BULAWAYO, August 2 (The Source) — Regional cement producer Pretoria Portland Cement (PPC) says it “is fundamentally strong and profitable with a solid operating base” and is on track to complete its projects in Zimbabwe, DRC and Ethiopia.
Chief executive Darryll Castle told shareholders at the company’s extraordinary general meeting in Johannesburg on Monday — at which shareholders approved PPC’s proposed R4 billion ($253 million) rights issue unanimously – that the company has appropriate plans in place to navigate the current economic landscape by driving cost efficiencies.
“PPC is fundamentally strong and profitable with a solid operating base.

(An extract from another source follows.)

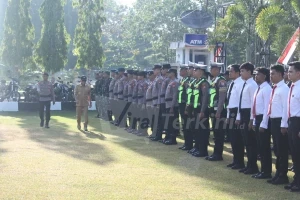 Bupati Halmahera Tengah, Dr. Ir. Ikram Malan Sangadji, M.Si., didampingi salah satu anggota Polri, berjalan melakukan pengecekan barisan personel gabungan TNI, Polri, dan unsur terkait saat memimpin Apel Siaga Pencegahan Karhutla di Mako Polres Halteng, Weda, (3/8/2026). Foto: ist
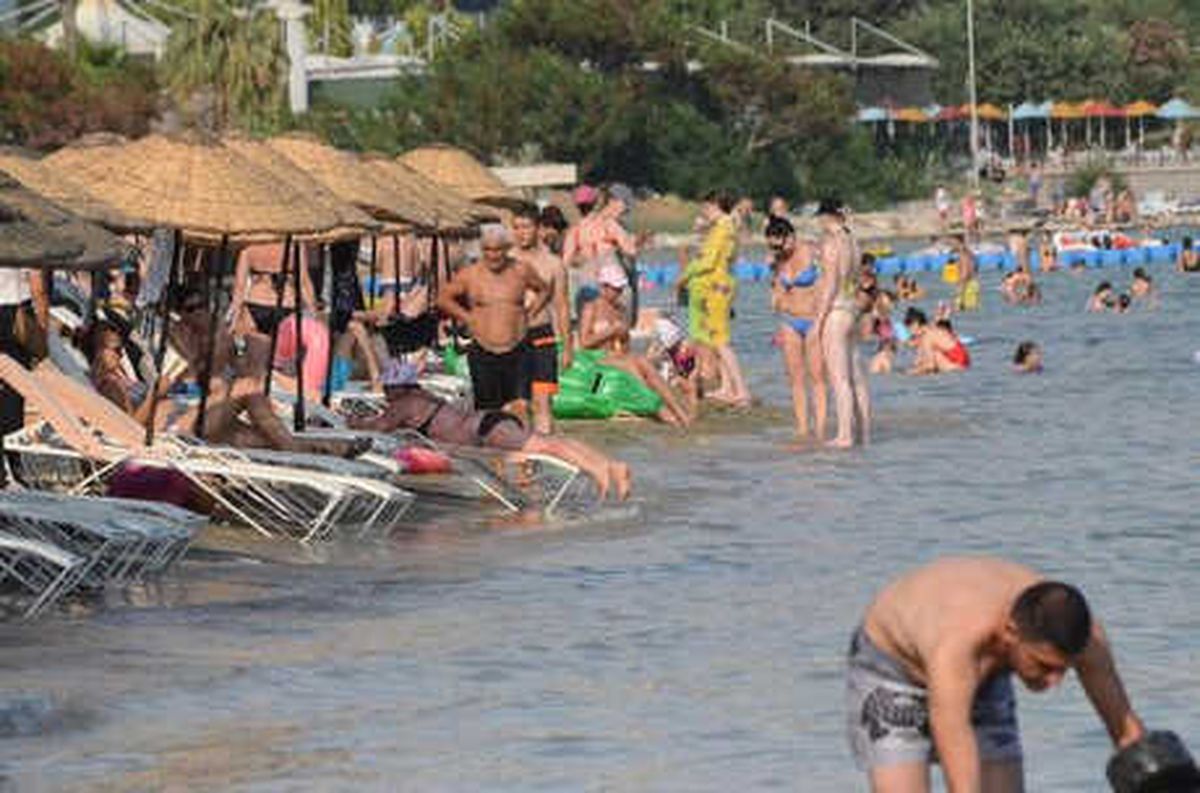 Akbük Sahilinde Bayram Yoğunluğu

I am confident that we have the appropriate plans in place to navigate the current economic landscape by driving cost efficiencies and leveraging our capabilities to achieve operational excellence,” Castle said.
“We are on track to complete our sizeable projects in the DRC, Ethiopia and Zimbabwe which, in the medium-term, will start to contribute to PPC´s revenue stream.”
Commenting on the rights issue, Castle said it was “a pleasing result for PPC” and it placed them firmly on a path to resolving their immediate liquidity challenges as well as enabling them to pursue their corporate strategy.
PPC is constructing a $75 million plant in Harare which will have capacity to produce 680,000 tonnes annually which is due to come online later this year.
The capital raise move is part of a strategy to review its balance sheet to pay off debts due this year and next year, which it said would put it in good stead to execute its plans.
PPC’s only cement plant in Zimbabwe, located in Bulawayo, produced around 600,000 tonnes of cement last year while operating at 75 percent of installed capacity.
The group also has a lime clinker plant in Coleen Bawn in Matabeleland South but the bulk of its cement market is in Harare.